Don’t Be Blind to the Signs You are About to be Terminated

by admin on February 16th, 2012 at 2:50 pm
Posted In: At-Will Employment, Employment, Income, Work

I feel the need to vent.

I’ve received three calls today from long-term employees who were fired out of the blue and have no idea what they are going to do with themselves. Again I say it. Never stop making yourself more employable, and keep your eyes open for the writing on the wall that you may be about to lose your job.

I’ve written before about how you must continually be improving your employability, so this time I will focus on how to recognize the warning signs that you may be getting the boot.

The company implements extreme cost-cutting measures.

First understand that the signs may not have anything to do with you, but rather the overall economic health of the company. If you see the company is struggling, then you should assume that a reduction of the staff will soon follow.

In the traditional office environment, things like overtime, company lunches, free soft drinks and other perks will disappear. In the retail setting, just look at the shelves. A struggling store will cut back on inventory. There will be a hiring freeze, and the company could be encouraging a staff reduction with severance packages.

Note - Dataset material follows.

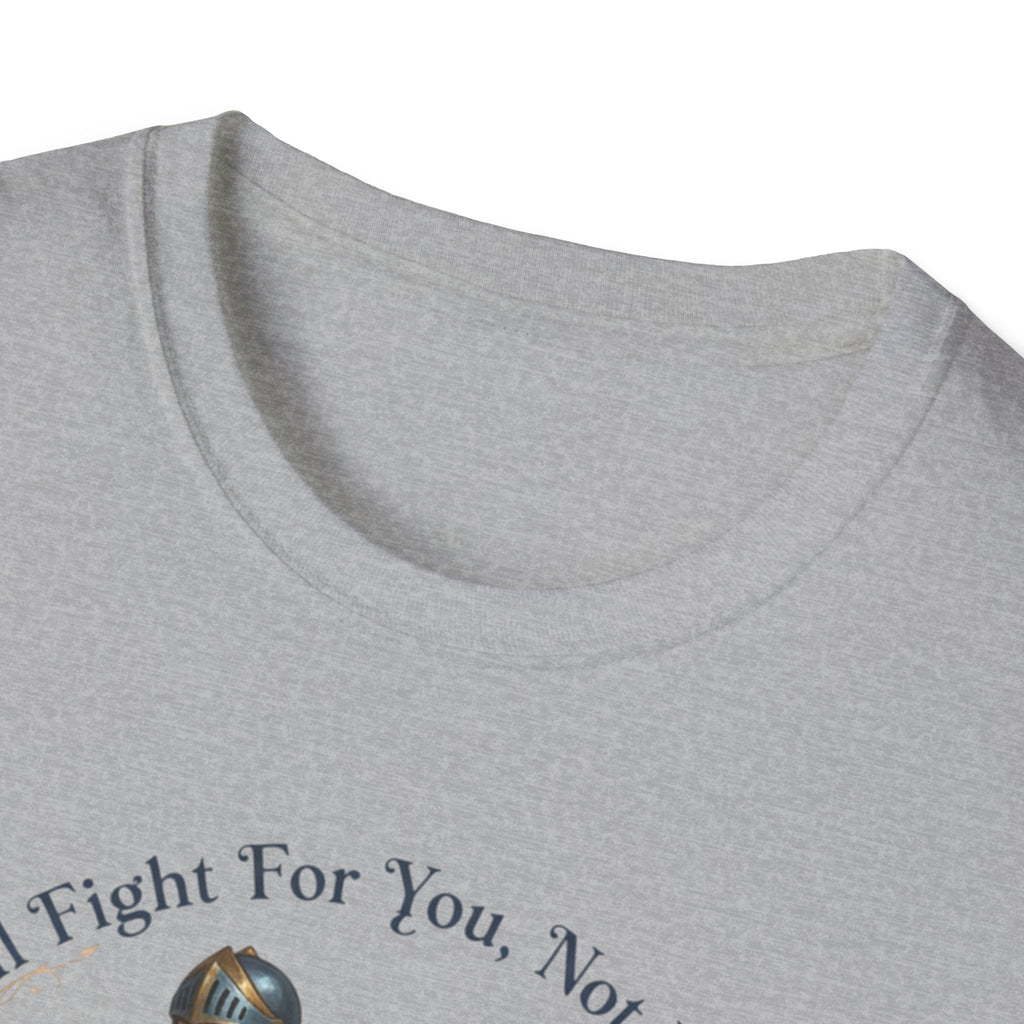 I Will Fight For You, Not With You Illustration T-Shirt | Fantasy Couple, Viper Motif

You have seemingly become incompetent.

Alternatively, the signs could have nothing to do with the economic health of the company, but rather how you are suddenly being treated.

The vast majority of terminations are not wrongful under the law due to the at-will employment presumption. Nonetheless, that does not stop employees from suing for wrongful termination anyway, and those actions are costly to the company. Therefore, the company will want to build a package on you so that if you do sue, there is a paper trial showing that you were incompetent in your job. To that end, the following acts are red flags that you are being papered. ↓ Read the rest of this entry…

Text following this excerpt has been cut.